Gözümü açtığımda nerede olduğumu bilmiyordum. Etrafa beyaz renk hakimdi ve burası aşırı derecede hijyen kokuyordu. Yattığım yerde doğrulmaya kalktığımda başım döndü. Başım döndüğü için yüzümü buruşturarak kafamı yastığa geri koydum. Sağ elim sızlıyordu ve başımda müthiş bir ağrı vardı. Elimi başıma götürdüğümde sol tarafına bandaj yapıştırıldığını gördüm. Elimin sızlamasının sebebini çözerken kaşlarımı çattım. Serum başlamışlardı. Hiç hoşuma gitmeyen aşırı hijyen kokusunun nedenini anlarken ofladım.

Benim hastanede ne işim vardı?

Gözlerimi kapatarak hatırlamaya çalıştım. Sanki kafamın içinde bir mıknatıs vardı ve tüm iğneleri içine çekiyormuş gibi hissediyordum.
Başımı öne eğerek ellerimde şakaklarımı ovuşturmaya başladım. Kulağıma dolan sesleri anlamaya çalışırken yüzümü buluşturdum.

Acı çok netti.

"Yav, Zeynep sakin ol. Cey içerde uyuyor. Gayet iyi."

Duyduklarım ilgimi çekerken kendimi dinlemeye zorladım.

"Zeyno, gerçekten gelmeyin. Ya, bakın siz keyfinize. İlla uğraştıracaksın değil mi? Bekle seni doktorla konuşturacağım."

Zey inat ediyordu sanırım. İnatçı tavırları gözümün önüne gelirken gülümsedim. Kendimi çok kötü hissetmiyordum ama iyi de değildim. Eğer Zey buraya gelirse abartacağı kesindi. Ve kesin olan bir şey daha vardı; rahat nefes alamaycaktım.
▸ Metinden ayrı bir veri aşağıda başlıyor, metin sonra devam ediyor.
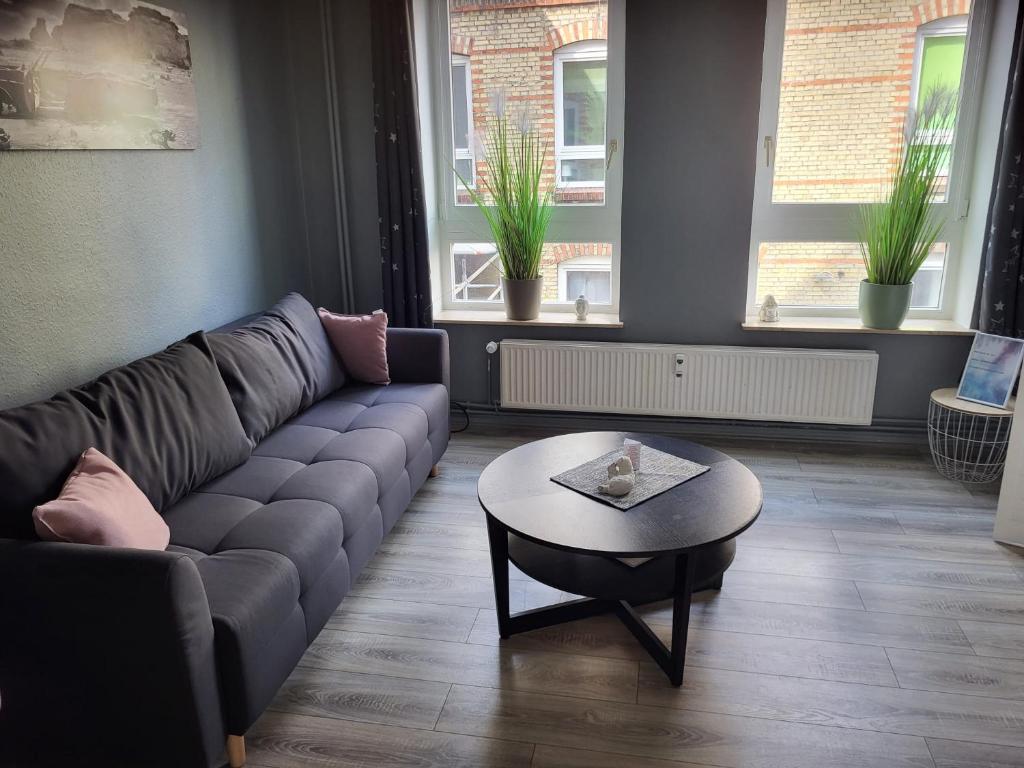 a living room with a couch and a table at Flensburg Zentrum 50 01 in Flensburg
'Sabah sporu yaparsak kendini daha dinç hissedeceksin.'

'Sebzede ağırlık verirsen sana daha iyi gelecek.'

'Seni üzen şeyleri düşünme. Böylelikle daha az başın ağrır.'

'Beraber pilatese gidebiliriz.'

'Al, sana süt getirdim iyi gelir.'

'O şekilde çıplak gibi dışarı çıkamazsın gece gece. Üzerine bir şey al.'

'Islak saçla durma Cey! Sinüzit olacaksın.'

Birden bunaldığımı hissettim. Bu şekilde davranırsa nefes neremizden alınıyor diye düşünebilirdim. Duvarlar üstüme üstüme gelirken Can'ın varlığını yadırgadım.

"Can! Buraya gel."

Düşüncelerimle boğuşurken Can'ın sesini duymuyordum. Büyük ihtimal Zey'e sözünü geçirememiş, salak salak kapının önünde sessizce söyleniyordu.

Ona seslenmemin ardından çok geçmemişti ki, kapı ciddi derecede gürültüyle açılmıştı. Gürültüyü ele alınca ağrıyan başımla birlikte bir an deprem oluyor sandım. Ama Can, görüş alanıma girdiğinde içinde bulunduğu haline gülsem mi ağlasam mı bilememiştim.

Saçları birbirine girmiş, bir eliyle kolunu ovuşturuyor ve yüzünde ki dehşet içeren ifadeyle hızlı hılzı soluklanarak beni inceliyordu. Yüzünde ki dehşet verici ifade beni üzsede tipine gülmeden edemedim.
Ben gülmeye başlayınca Can dirseğini ovuşturduğu kolunu serbest bırakıp bana tuhaf bir şekilde bakmaya başladı. Kahkahalarım daha güçlü bir hal alırken adımlarını bana yöneltti.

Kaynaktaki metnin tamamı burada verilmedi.